# Great session with my Mark IV 22/45 Lite and my Mark III modified Hunter.



## Steven (Mar 2, 2012)

Weather was perfect today for a practice session with temperatures in the low to mid 70s all morning. I had my Ruger Mark III with the Pac Lite barrel and compensator on it along with Hogue grips and my Mark IV with Alllchin compensator and Stoner grips. 

Both guns have the full Volquartsen Accurizine kits and the Mark IV has a Tandemkross Trigger. Each has a pull weight of 1 3/4 pounds and both have C-More Red Dot Sights on them.

I was testing for speed and accuracy at 15 yards using a 12 inch Splatterburst target for the first shot and 2 8 inch targets for followups. Speed was good, with most draw to first shot from the low ready being .8 to .9 seconds. I'm trying to get .7s so I still have a lot to practice.

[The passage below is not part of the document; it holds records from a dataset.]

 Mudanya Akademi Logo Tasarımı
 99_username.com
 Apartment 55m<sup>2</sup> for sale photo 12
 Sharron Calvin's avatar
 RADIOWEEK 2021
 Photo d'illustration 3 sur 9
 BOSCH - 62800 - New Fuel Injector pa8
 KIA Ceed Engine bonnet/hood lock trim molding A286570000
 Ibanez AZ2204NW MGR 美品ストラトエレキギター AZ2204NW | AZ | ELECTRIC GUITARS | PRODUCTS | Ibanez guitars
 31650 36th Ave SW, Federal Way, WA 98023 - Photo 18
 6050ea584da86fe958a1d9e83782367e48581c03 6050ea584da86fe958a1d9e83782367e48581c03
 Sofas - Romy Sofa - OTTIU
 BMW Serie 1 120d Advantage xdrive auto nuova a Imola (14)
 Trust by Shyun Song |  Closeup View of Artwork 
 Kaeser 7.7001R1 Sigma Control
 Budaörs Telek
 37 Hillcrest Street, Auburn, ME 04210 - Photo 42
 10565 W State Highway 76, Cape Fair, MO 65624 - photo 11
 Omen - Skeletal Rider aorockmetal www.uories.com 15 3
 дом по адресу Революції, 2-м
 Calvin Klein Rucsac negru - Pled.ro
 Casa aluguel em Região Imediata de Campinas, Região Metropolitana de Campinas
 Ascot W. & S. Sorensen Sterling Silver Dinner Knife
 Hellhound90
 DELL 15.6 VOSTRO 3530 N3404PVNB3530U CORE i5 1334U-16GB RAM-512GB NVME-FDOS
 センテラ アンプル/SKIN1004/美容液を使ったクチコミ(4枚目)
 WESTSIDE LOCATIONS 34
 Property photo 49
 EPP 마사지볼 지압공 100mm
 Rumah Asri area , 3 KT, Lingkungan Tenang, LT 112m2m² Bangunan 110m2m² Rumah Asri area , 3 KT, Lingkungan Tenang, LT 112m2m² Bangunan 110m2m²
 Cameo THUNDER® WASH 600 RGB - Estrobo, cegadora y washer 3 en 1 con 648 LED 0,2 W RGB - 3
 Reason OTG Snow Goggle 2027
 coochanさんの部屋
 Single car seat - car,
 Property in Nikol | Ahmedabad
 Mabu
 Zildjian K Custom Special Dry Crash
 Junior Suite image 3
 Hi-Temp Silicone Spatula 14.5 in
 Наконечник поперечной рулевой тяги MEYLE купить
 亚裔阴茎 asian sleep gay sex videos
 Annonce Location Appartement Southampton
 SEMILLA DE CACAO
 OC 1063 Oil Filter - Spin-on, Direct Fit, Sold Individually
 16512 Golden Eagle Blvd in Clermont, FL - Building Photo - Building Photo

Accuracy for transitions to target 2 and three were very good. I started missing a few in the beginning but after only two tries all my shots hit the black targets. This is good practice for Steel Challenge Matches.

I put 200 CCI Mini Mags through the Mark IV Lite and all worked well. With the Mark III I was shooting Federal AutoMatch ammo and had 4 failures to fire. Cases stuck in the barrel and I needed a knife to pull them out. I fired a box of 325 and was pleased with their accuracy. Good ammo for practice but not good enough for matches.


----------